— Work request —
Nothing but the images is to be left out of your exact copy of the entries.
Data shown START
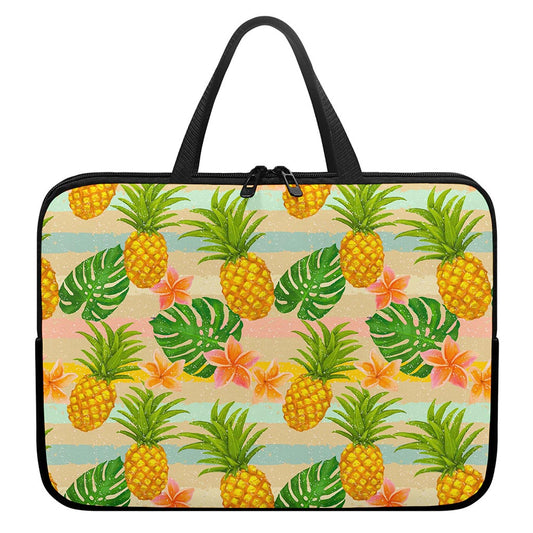 Sand Beach Pineapple Pattern Print Laptop Sleeve With Handle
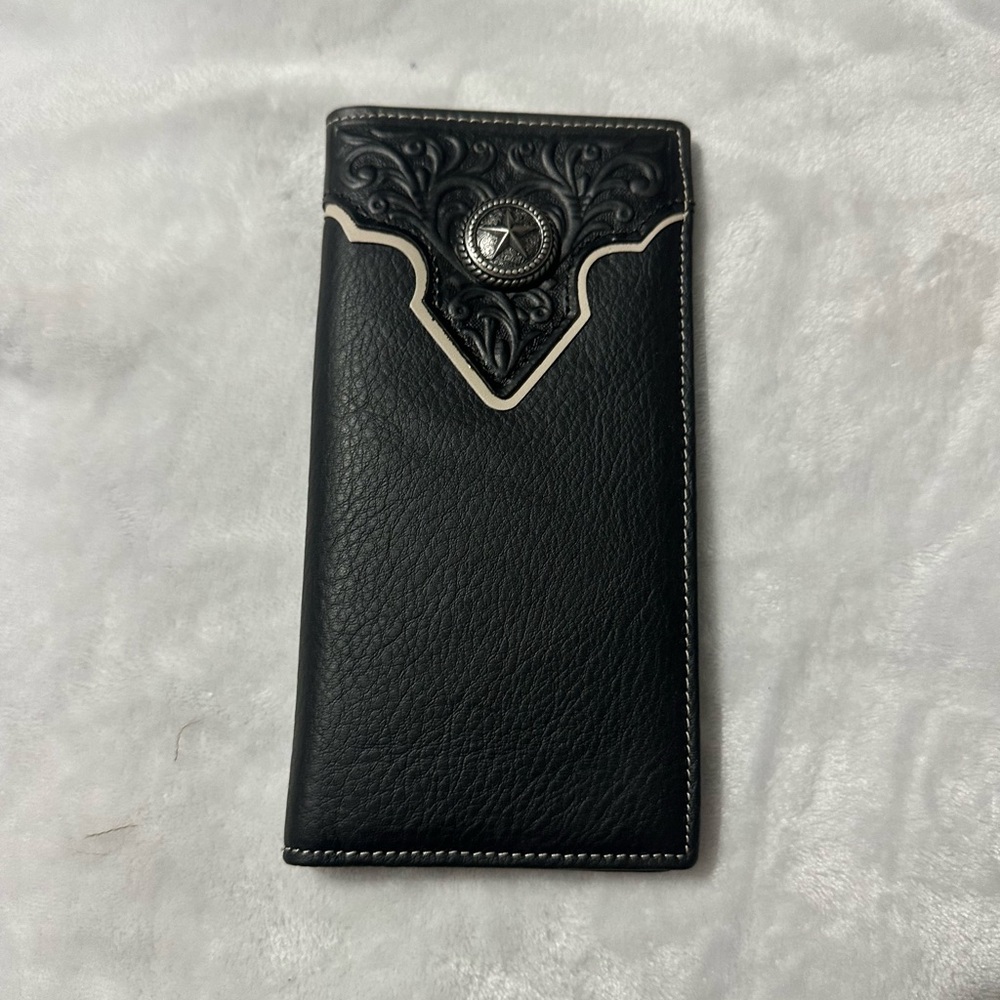 Montana West Black Leather Wallet with Embossed Design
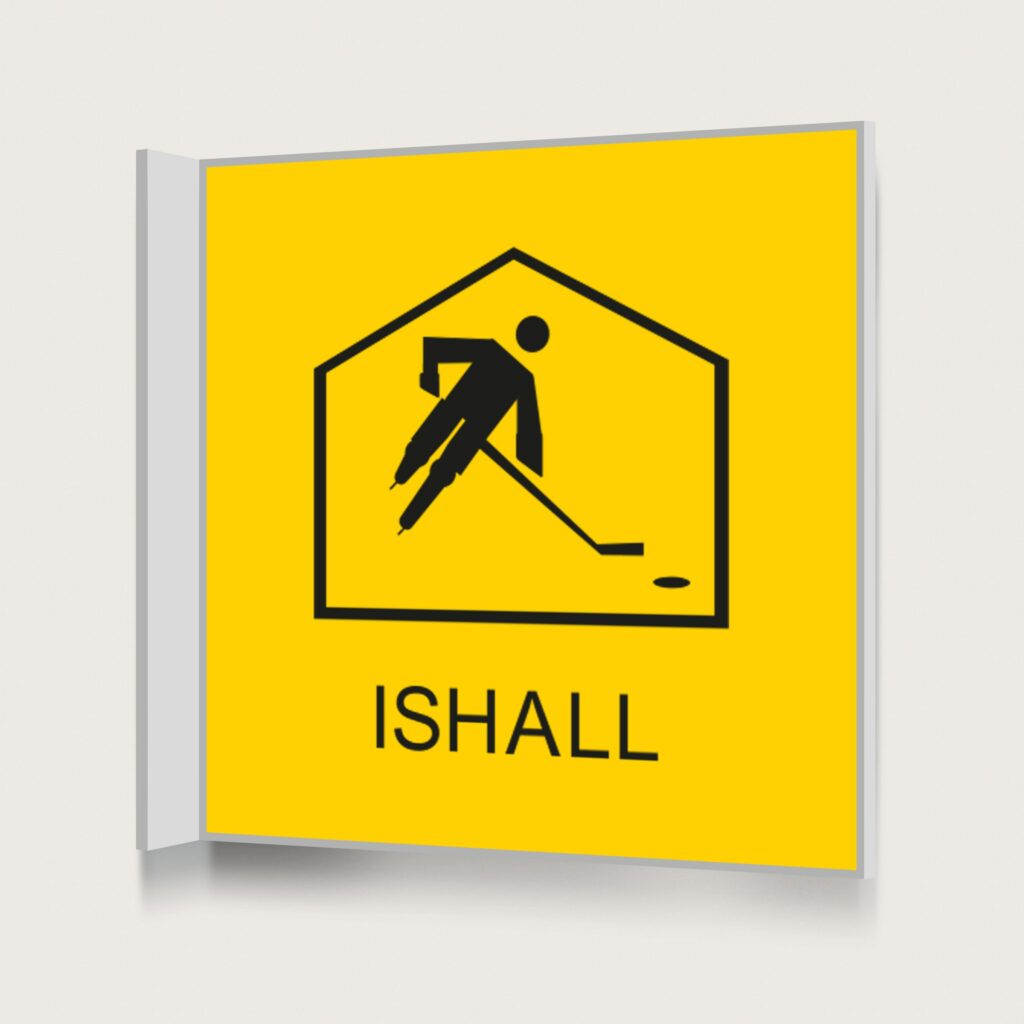 Flaggskylt Ishall Gul 150 x 150 mm
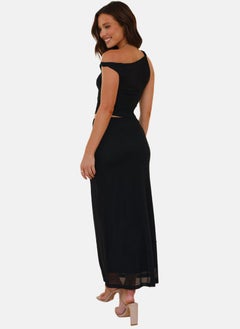 يونيكي Black Bodycon Off-Shoulder Solid Dress  - Image 2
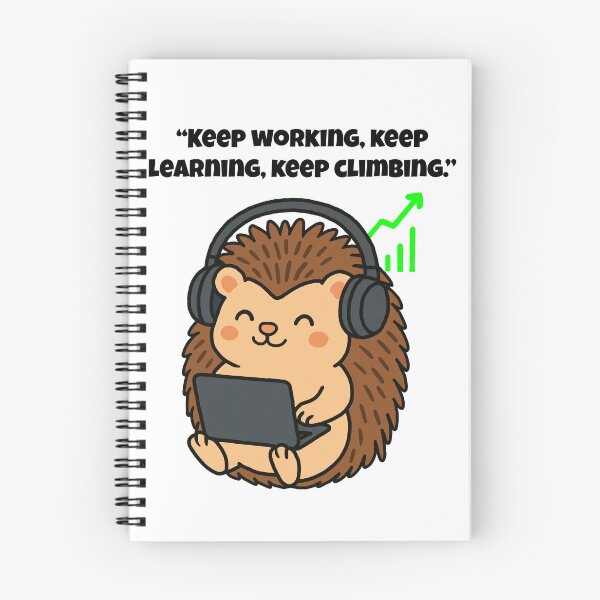 Item preview, Keep Learning – Cute Techy Hedgehog Motivation Art designed and sold by Latitude 1°N.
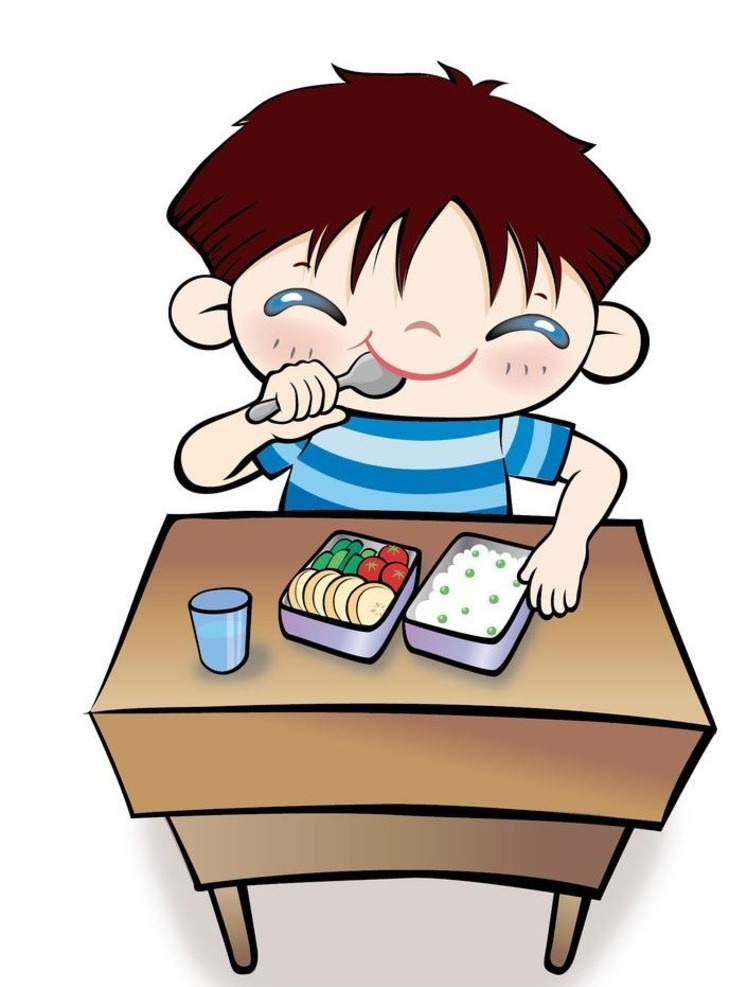 自己 吃饭 娃娃 自己吃饭 小学生 午餐 乖宝宝 独立生活 小男孩 勺子 米饭 快餐 水杯 桌子 卡通 儿童 漫画 插画 矢量图 卡通设计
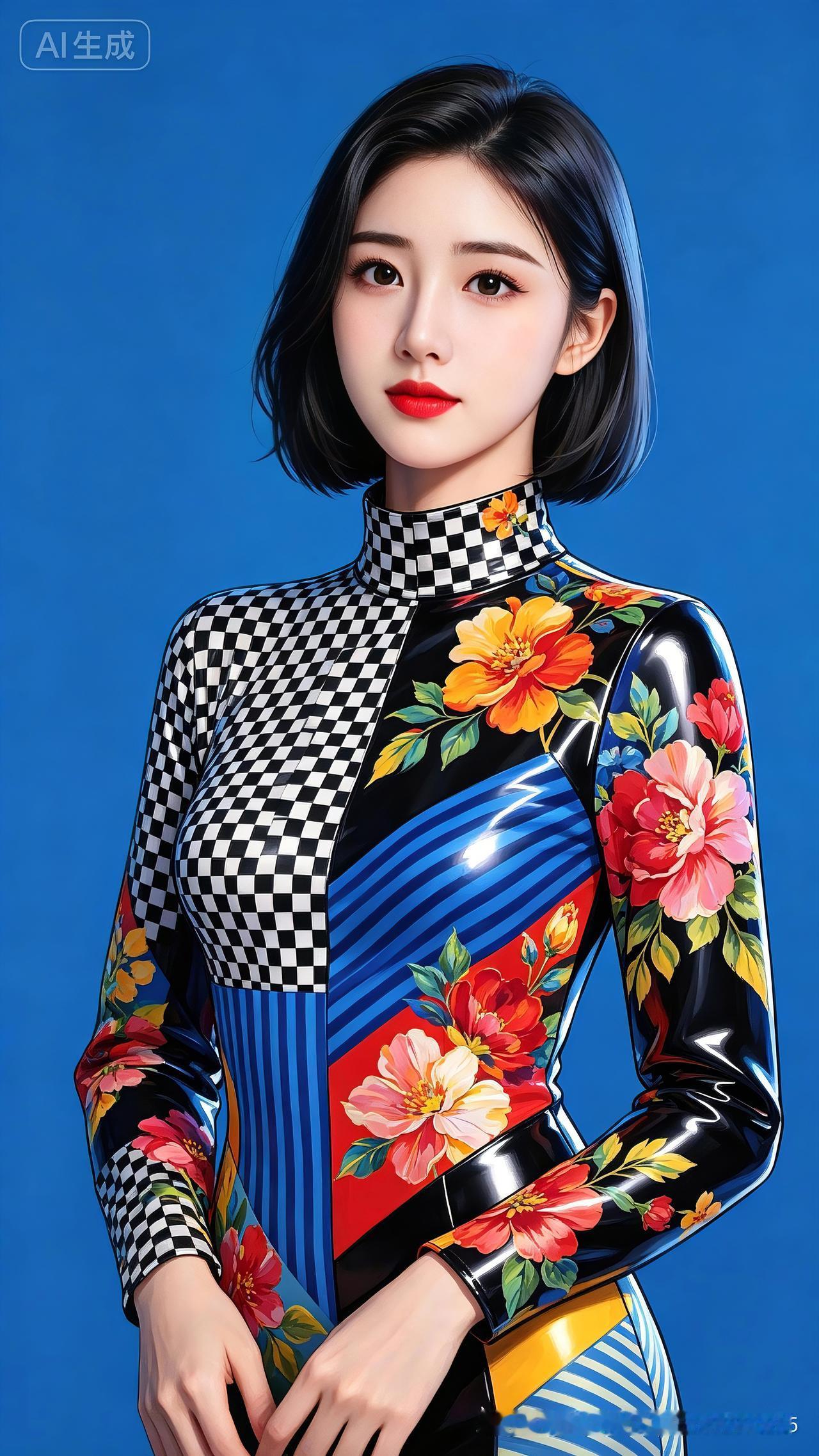 短碎秀发气质扬，彩衣艳丽映蓝光。格纹花朵相交织，色彩斑斓韵味长。眉眼端庄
Data shown END
— Task answer —
 Sand Beach Pineapple Pattern Print Laptop Sleeve With Handle
 Montana West Black Leather Wallet with Embossed Design
 Flaggskylt Ishall Gul 150 x 150 mm
 يونيكي Black Bodycon Off-Shoulder Solid Dress  - Image 2
 Item preview, Keep Learning – Cute Techy Hedgehog Motivation Art designed and sold by Latitude 1°N.
 自己 吃饭 娃娃 自己吃饭 小学生 午餐 乖宝宝 独立生活 小男孩 勺子 米饭 快餐 水杯 桌子 卡通 儿童 漫画 插画 矢量图 卡通设计
 短碎秀发气质扬，彩衣艳丽映蓝光。格纹花朵相交织，色彩斑斓韵味长。眉眼端庄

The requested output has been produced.